If summer temperatures continue to rise, utilities and customers likely will need to work together to help ensure grid stability.

EP Weather
Wendy Wilson
We are part of The Trust Project.

FERGUS FALLS — Summer is here and forecasted higher-than-average temperatures may lead to increased energy demand.

“Otter Tail Power has enough resources to serve our customers, though expected summer weather challenges could mean we’ll need to take additional steps to help maintain reliability of the energy grid,” said Otter Tail Power Asset Management Vice President JoAnn Thompson in a press release. “I am confident in our preparedness. Our employees are well trained and ready for any type of energy grid event, and we have solid plans in place to respond to grid and market fluctuations.”

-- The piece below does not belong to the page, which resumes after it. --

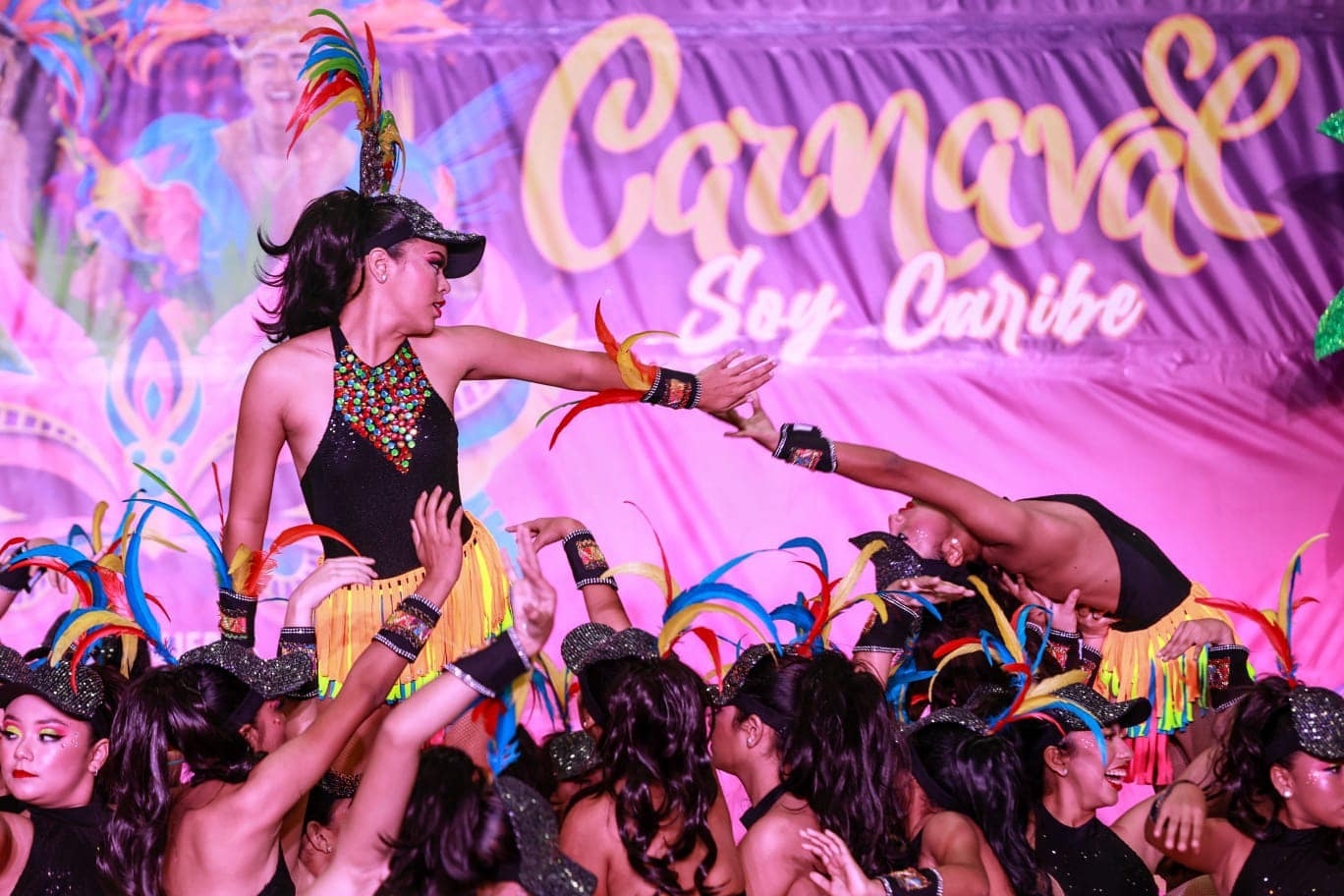 Habitantes denuncian insuficiencia de camiones para el Carnaval Isla Mujeres 2023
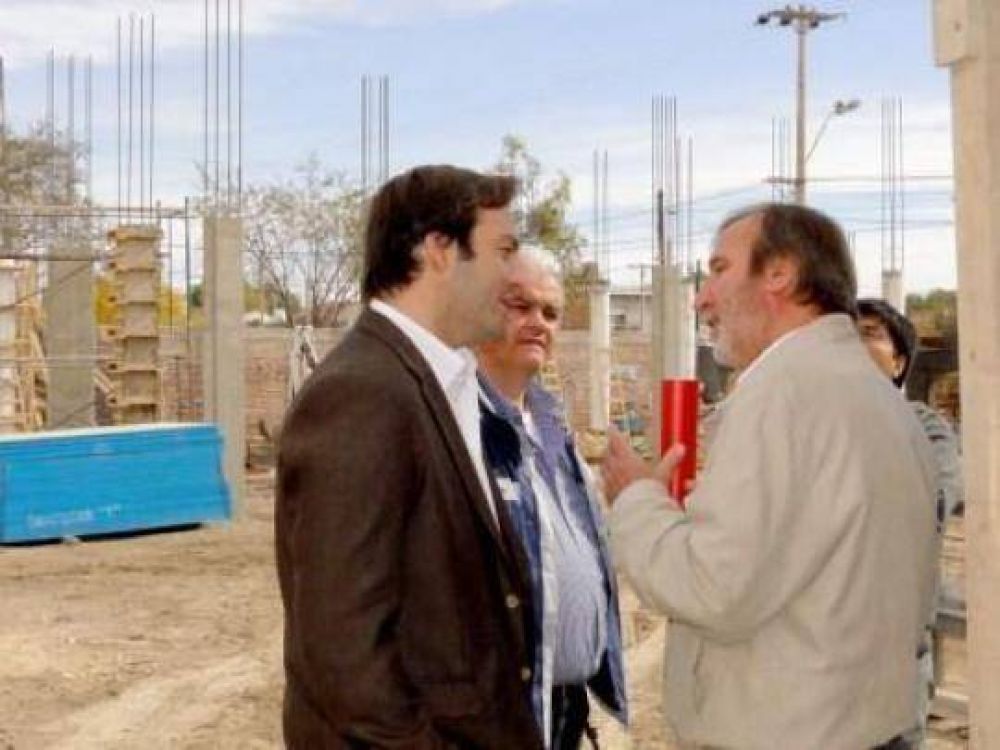 Mart�n Soria visit� las obras del nuevo edificio de SENASA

Understanding the energy grid
Otter Tail Power is part of the Midcontinent Independent System Operator, which oversees energy delivery from utilities across the Central U.S., including 15 states and the Canadian province of Manitoba.

“MISO acts as the air traffic controller for the energy grid, ensuring the right amount of electricity for over 42 million people,” said Thompson. “If demand across the MISO footprint outweighs available energy, short-term service interruptions may impact our customers as we work together to conserve energy. Our job is to be ready for potential energy grid events, and there are several energy-conservation steps we would take before customers experience an interruption to service.”

What this means for customers

If summer temperatures continue to rise, utilities and customers likely will need to work together to help ensure grid stability. Otter Tail Power may ask customers to conserve energy more frequently.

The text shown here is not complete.